Madonna has said she is "saddened" by criticism of her charity work in Malawi, and branded an attack on her by the country's president "ridiculous".
The singer, who has adopted two children from the southern African country, was accused of exaggerating her contribution to Malawi and demanding special treatment during a visit there last week.
The statement, from the office of President Joyce Banda, said Madonna has wanted special treatment and criticised her charity work, which focuses on schoolbuilding projects.
It said: "Kindness, as far as its ordinary meaning is concerned, is free and anonymous. If it can't be free and silent, it is not kindness, it is something else. Blackmail is the closest it becomes."
The singer said she would "continue to follow through on my commitment to help educate the children of Malawi".
She added: "I'm saddened that Malawi's president has chosen to release lies about what we've accomplished, my intentions, how I personally conducted myself while visiting Malawi and other untruths.

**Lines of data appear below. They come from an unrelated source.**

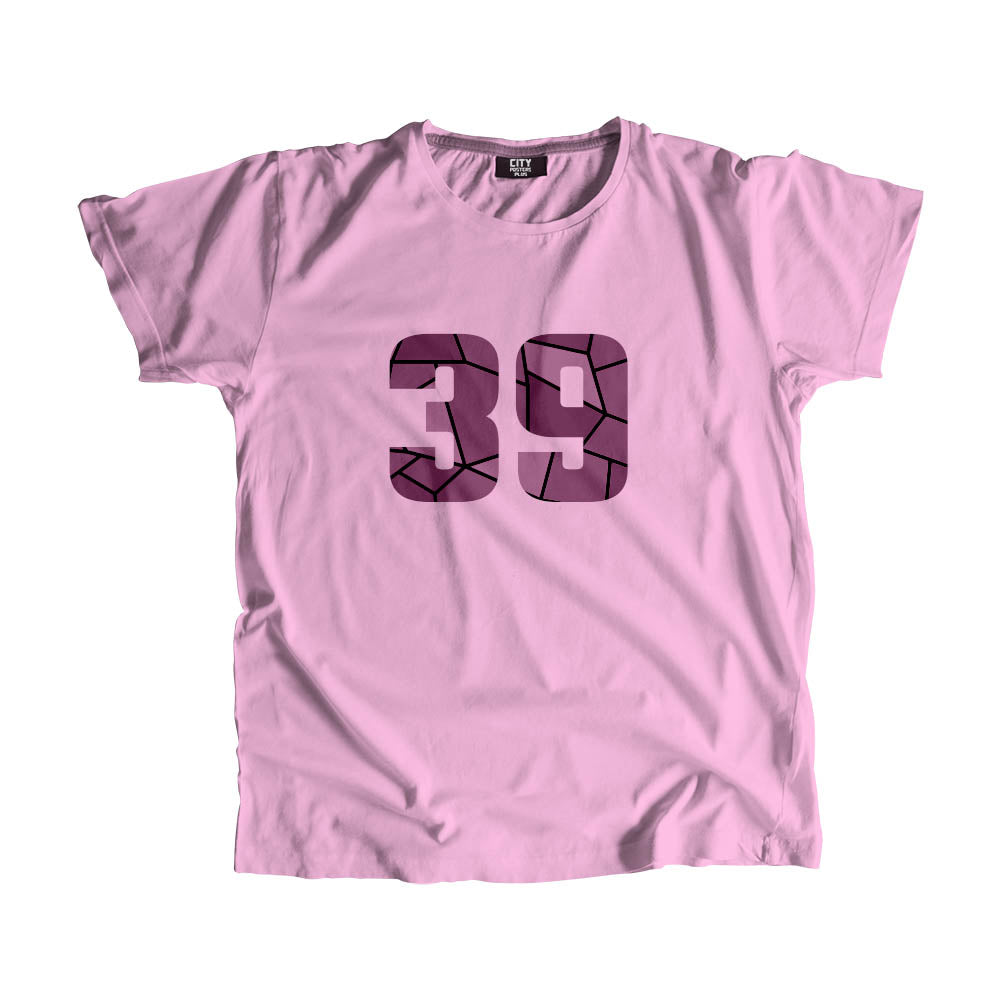 39 Number Men Unisex T-Shirt (Light Pink)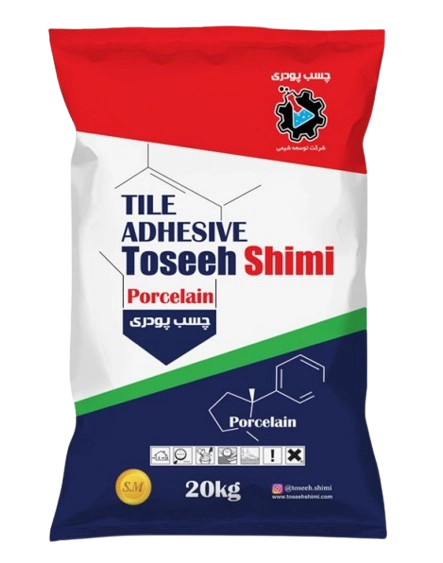 چسب پودری ویژه پرسلان و اسلب برند توسعه شیمی Toseeh shimi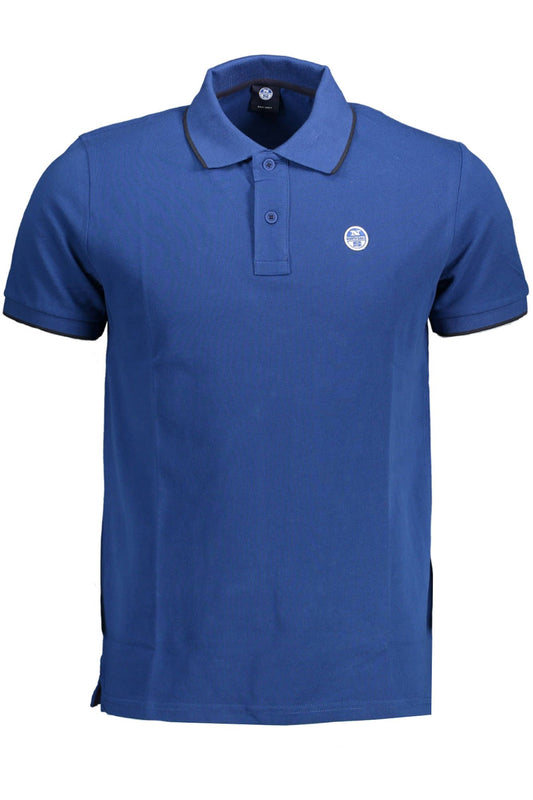Blue Cotton Men Polo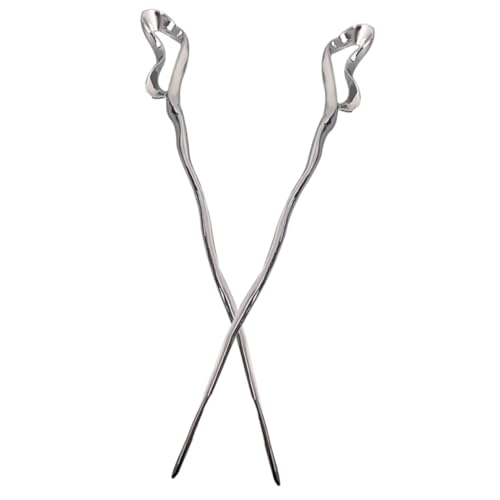 OFFIGAM 2 Stck Teiliges Unregelmäßige Chinesische Haarnadeln aus Metall Glatte Oberfläche Modischer Haarschmuck für Frauen Geeignet für Mitteldickes und Langes Haar Stilvolle Haarstäbe von OFFIGAM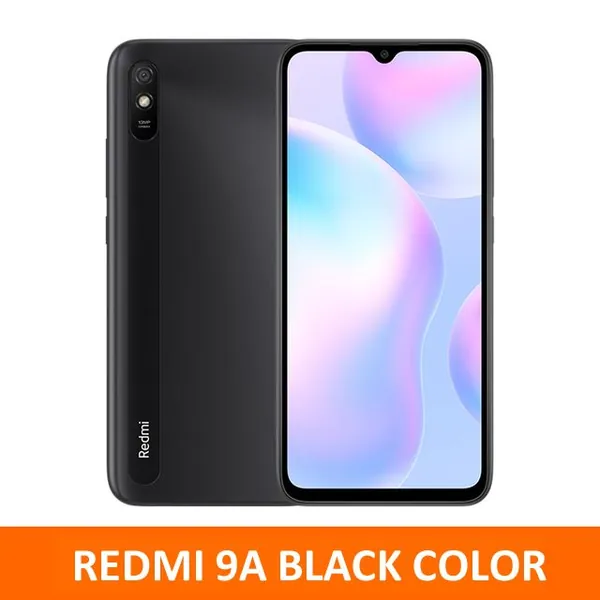 Xiaomi Смартфон Оригинальный смартфон Redmi 9A глобальная версия 4гб 64гб мобильный телефон 5000mAh 6,53 дюйма MTK Helio G25 Octa Core 13МП смартфон Global 4/64 ГБ, Nano-SIM, черный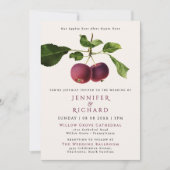 Rustikaler Elegant Burgund Apple je nach Hochzeit Einladung (Vorderseite)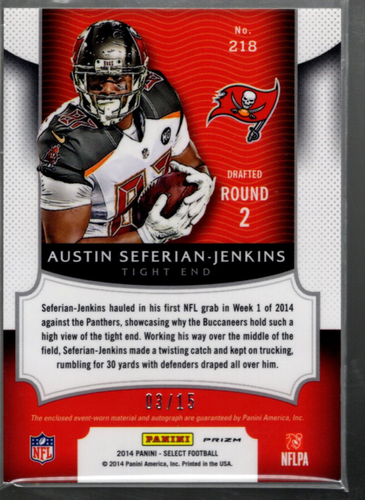 A7061- 2014 Select Prizm Purple #218 Austin Seferian-Jenkins Auto Jersey /15 - Picture 2 of 2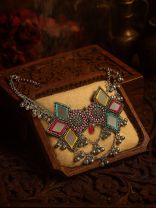 Bhuritejas- The Glorious Triflection- Mirror, Resham And Beads Hand Embroidered Choker Neckpiece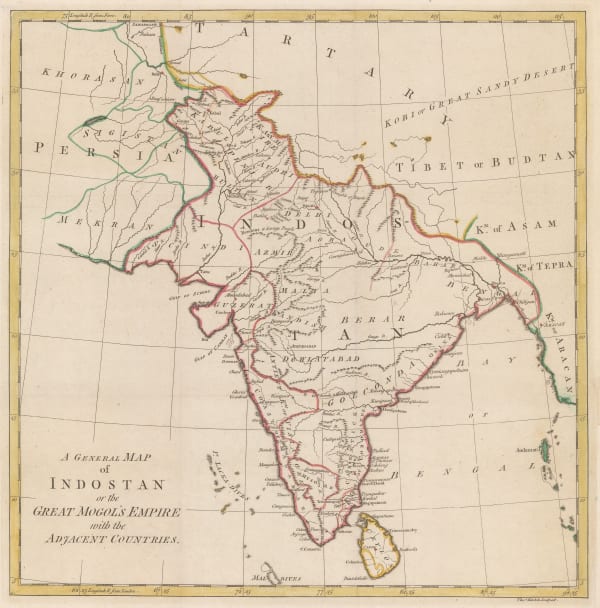 Robert Orme, A General Map of Indostan or the Great Mogol's Empire with the Adjacent Countries, 1775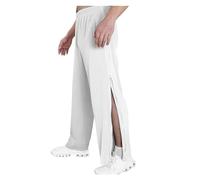 Pantaloni riabilitativi, per uomo e donna, con apertura laterale, con cerniera laterale e cerniera sulla gamba larga, pantaloni sportivi, bianco, L
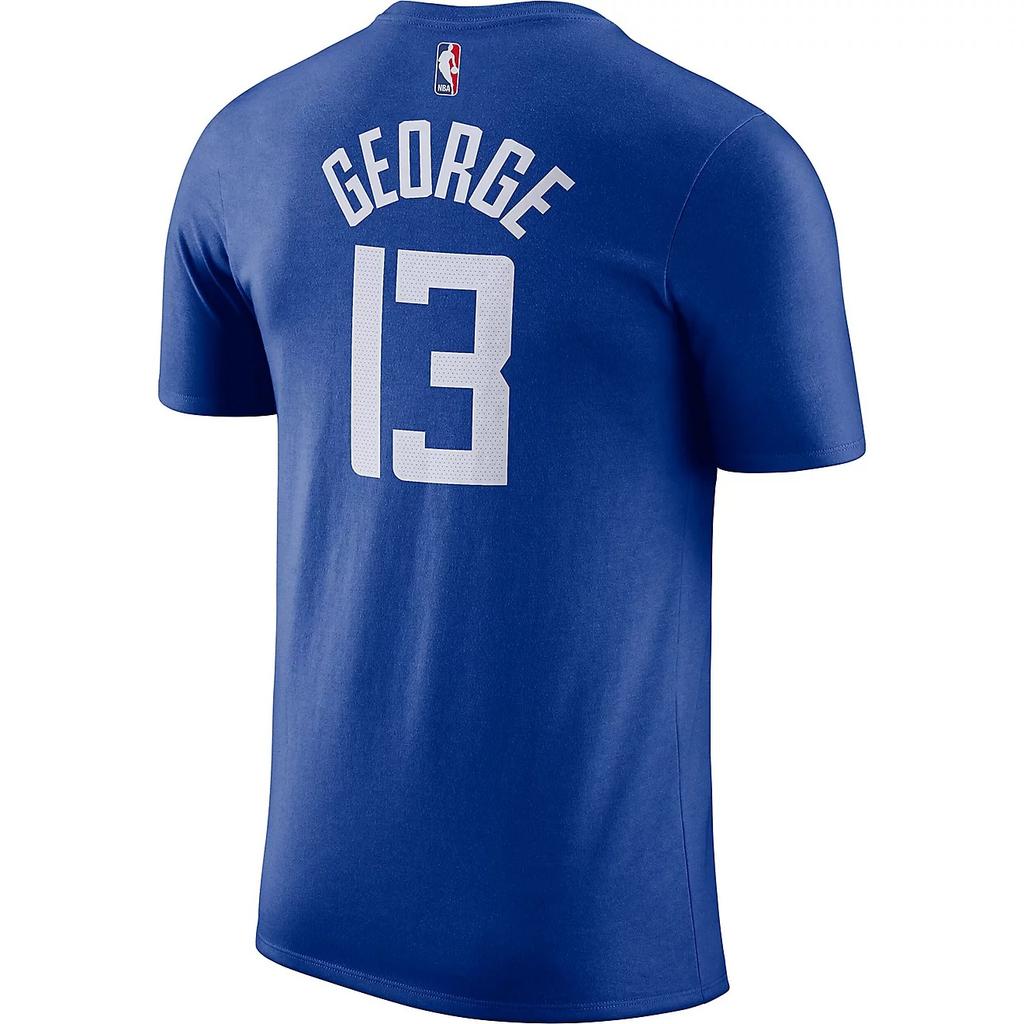 Nike NBA Paul George Los Angeles Clippers Letter Number Crew Neck Short Sleeve T-Shirt Men T-Shirt Blue BQ1537-405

I have no intentions of being distracted by these ridiculous allegations.
"I came to Malawi seven years ago with honourable intentions. I returned earlier this month to view the new schools we built. I did not ever ask or demand special treatment at the airport or elsewhere during my visit. I will not be distracted or discouraged by other people's political agendas. I made a promise to the children of Malawi and I am keeping that promise".
A spokeswoman for the singer suggested the criticism was inspired by the removal of the president's sister from her role heading Madonna's humanitarian organisation in the country.